The collaborative drawings of pascALEjandro (Jodorowsky and his wife Pascale Montando) are also a magnificent example of artistic communion, over several years. Alejandro draws, Pascale puts color. Their work evolves between fantasy, humor, spirituality and mysticism. To me, they represent desire and eroticism as a form of religion.

Ed Ruscha, DESIRE, 2013

pascALEjandro, Réveillant le Golem, 2017

The C. : Could you give us your definition of eros?

Diana W. Picasso : In my opinion, there is no single definition of eros, like the millions of artistic representations of the concept, there are millions of conceptions, both unique and universal.
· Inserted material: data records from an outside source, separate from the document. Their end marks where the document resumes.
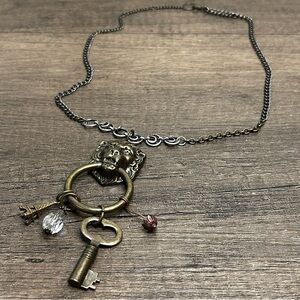 Antique Lion with Keychain Pendant Necklace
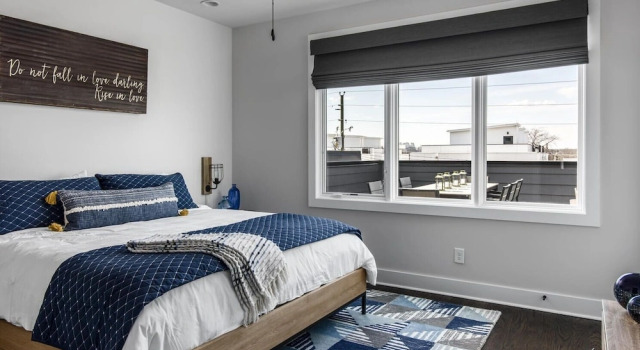 Luxe-tennessee Row-heart of Gulch-mins to Broadway, Book Feriehus Sommerhuse i Tennessee, Hytte
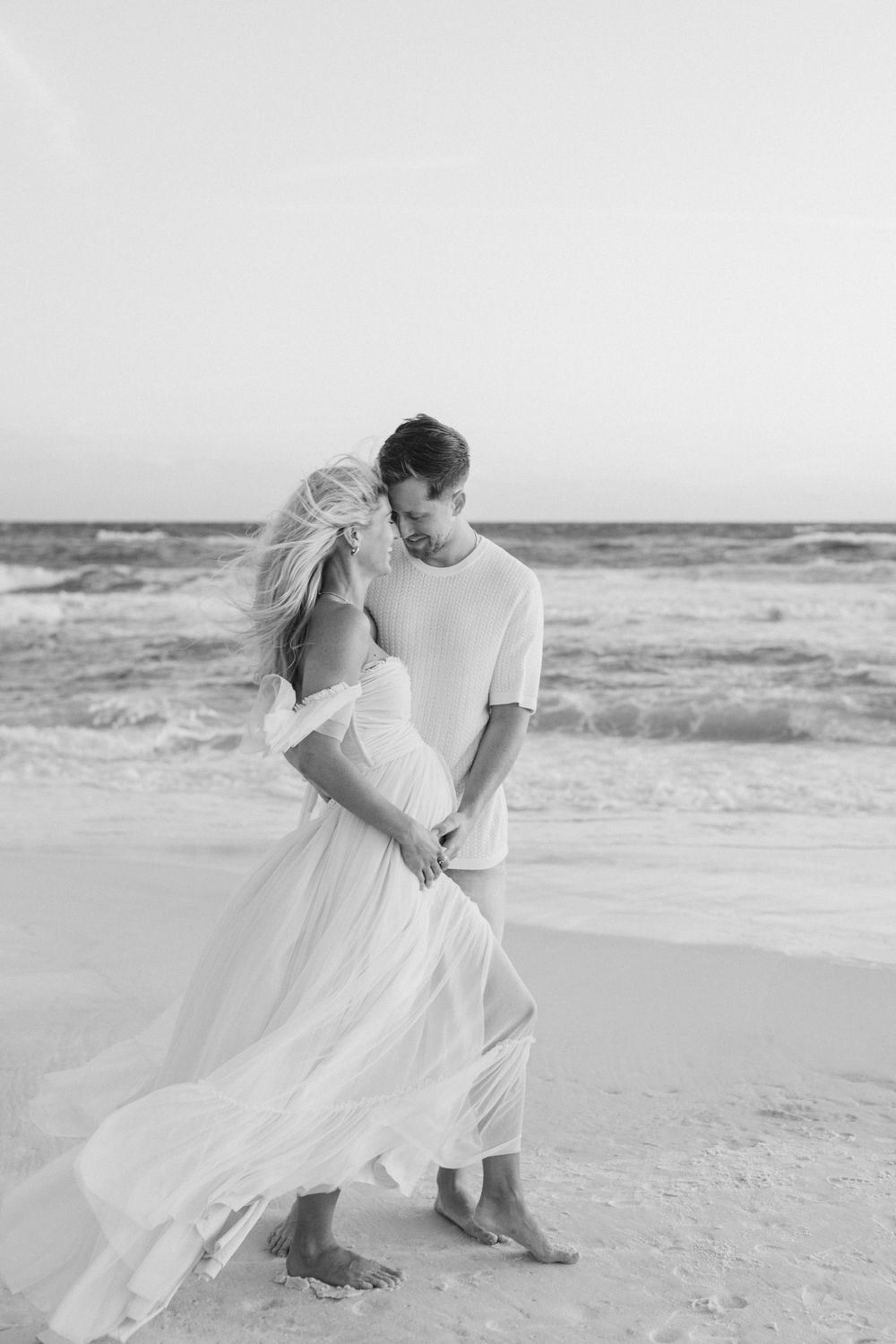 Best maternity photographer in Destin, FL 30A, FL Seaside, FL Watercolor, FL Watersound, FL Alys Beach, FL Rosemary Beach, FL Santa Rosa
This makes eroticism the most accessible, and the most difficult subject in art. Eros is made up of opposing and complementary notions: form and feeling, body and spirit, intellect and emotion ... Love, pleasure, humor, anxiety, terror, discomfort are also aspects of eros, in a way.

In 2015, I curated an exhibition called 'Desire' in which I was able to explore representations of sexuality through the history of art, and reflect on how society and cultural values ​​of different civilizations influence the view of eroticism.

Marilyn Minter, Haze, 2016

Jenny Saville, Odalisque, 2012–14

As the representations around desire evolve, the borders are crossed, and bring to light new artistic fantasies, an unprecedented imagery. Eros reinvents itself with each generation. Nowadays, for example, the overexposure of naked bodies on the internet or on television alters the very notion of erotic representation.

The C. : Is there a book, a sentence, in particular that marked you on the subject?

Diana W. Picasso : A phrase from my grandfather, which is also the title of my book (Prestel and Assouline, 2005): "Art can only be erotic". This quote shows that Picasso made no distinction between art and sexuality, and illustrates his way of transforming his erotic desire into creative energy.

The C. :what could be for you the obscure object of desire, the one who troubles you?

Diana W. Picasso : I am confused when an apparently non-confusing object disturbs me.